今回は2回目です。
↓細胞の分裂回数とテロメア長さのグラフ
老化とは正反対の現象である細胞の不死化は、
がん化の前段階と考えられており、がんの発生メカニズムを明らかにするうえで重要である。
上図は、細胞の分裂寿命とテロメアの長さの関係を示している。
ヒト胎児の体細胞にDNA腫瘍ウイルスである
SV40(細胞をがん化する能力を有しているウイルス
を腫瘍ウイルスと呼び、
ウイルス粒子内に含まれる遺伝物質がDNAのものが
DNA腫瘍ウイルスである。SV40はその一種)
を感染させ、SV40のT抗原(細胞のがん化に関与するタンパク質)
を発現させると、細胞は延命されて50回の分裂寿命を越えて20回余分に分裂したのち、再び分裂を停止する。
50回の細胞分裂で分裂寿命に達した老化細胞は、
その状態で数ヶ月は生存する。一方、SV40のT抗原の働きにより延命された細胞では、
さらにテロメアは短くなり、
限界に達して染色体の安定性を保てなくなる。
そして、4nなど異数性の染色体が増えて、一部の細胞が死滅し、徐々に細胞数が減少する。
この状態で培養を続けると、
ごくまれに無限の分裂能を獲得した不死化細胞が現れる。
この不死化した細胞もSV40のT抗原の働きに依存しており、その働きを抑えると再び増殖を停止する。

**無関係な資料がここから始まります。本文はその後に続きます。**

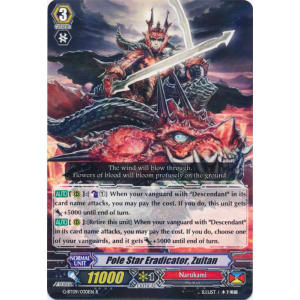 Pole Star Eradicator, Zuitan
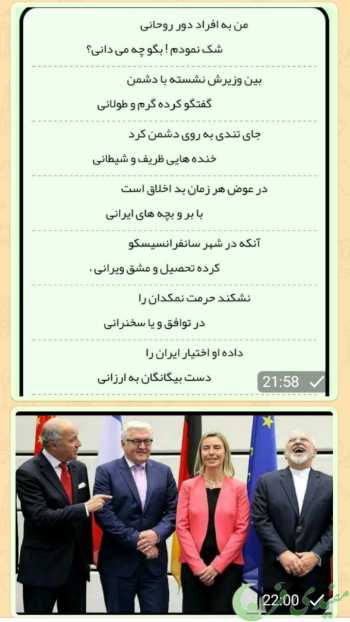‌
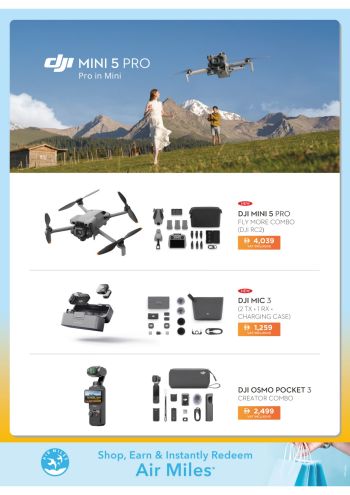 Sharaf DG offer thumb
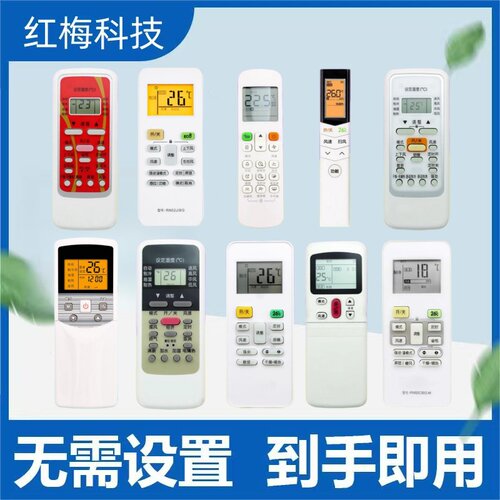 适用于美的空调遥控器冷俊星劲弧万能通用RN02S8(2HS)/BG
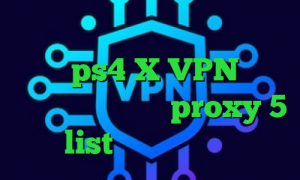 وی پی ان با آی پی ثابت کاهش پینگ رینبو ps4 X VPN وی پی ان از کشور گامبیا proxy 5 list کرونا در ایران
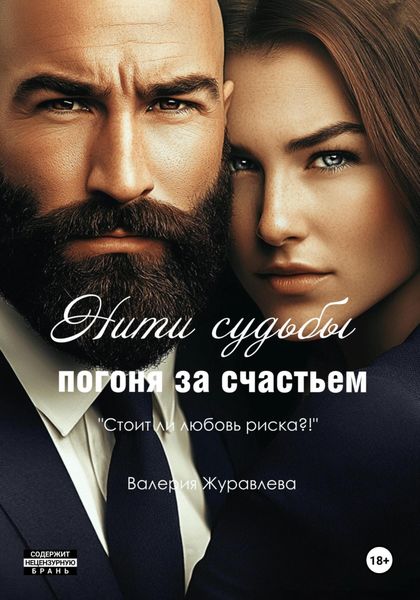 Нити судьбы: Погоня за счастьем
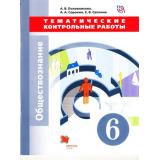 ФГОС (АлгоритмУспеха) Половникова А.В., Сорокин А.А., Саплина Е.В. Обществознание 6кл. Тематические контрольные работы, (Вентана-Граф, 2018), Обл, c.64
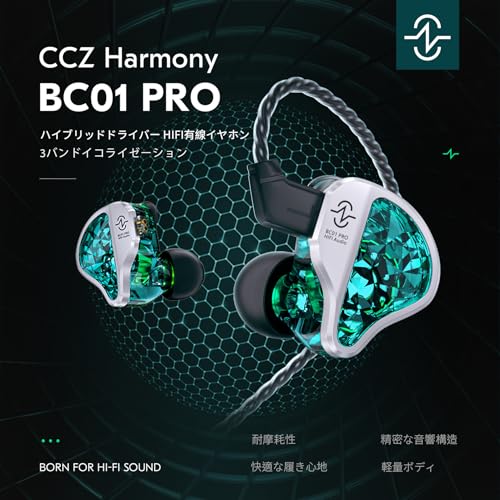 Yinyoo CCZ BC01 PRO HARMONYサムネイル2
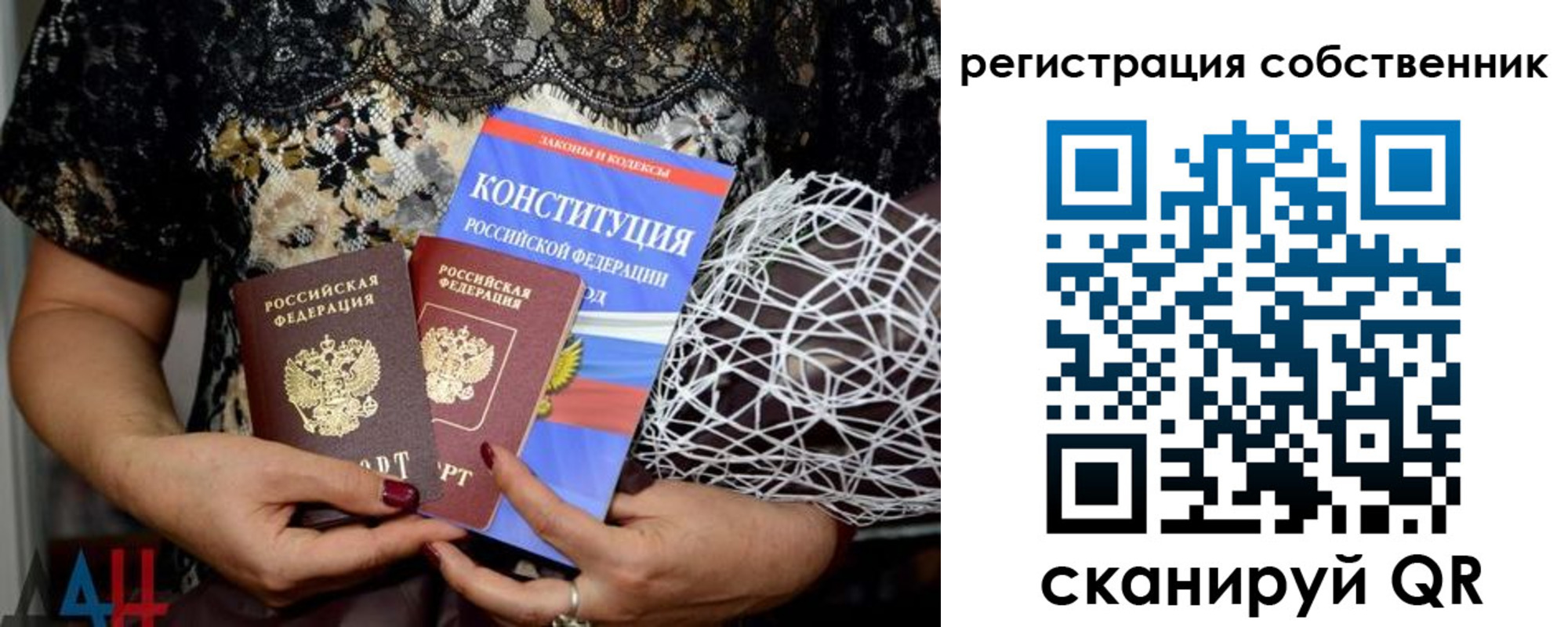 регистрация для школы в Ноябрьске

これらの現象は、ヒト体細胞の不死化には2段階あることを
示している。すなわち、SV40のT抗原により克服されるM1期およびT抗原では克服できないM2期である。
したがって、
(B)細胞が無限の分裂能を獲得して不死化するためには、
T抗原で抑制されるM1期を乗り越えると同時に、
今まで抑制されていたテロメラーゼ遺伝子を
活性化することによって、テロメラーゼを機能できるようにしてM2期を克服する必要がある。
(C)現在、細胞のがん化は多くの段階を経て起こると考えられている。すなわち、細胞は不死化の段階を経て、
さらに細胞分裂を促進する遺伝子(原がん遺伝子)に変異が生じるとがん細胞に変化する。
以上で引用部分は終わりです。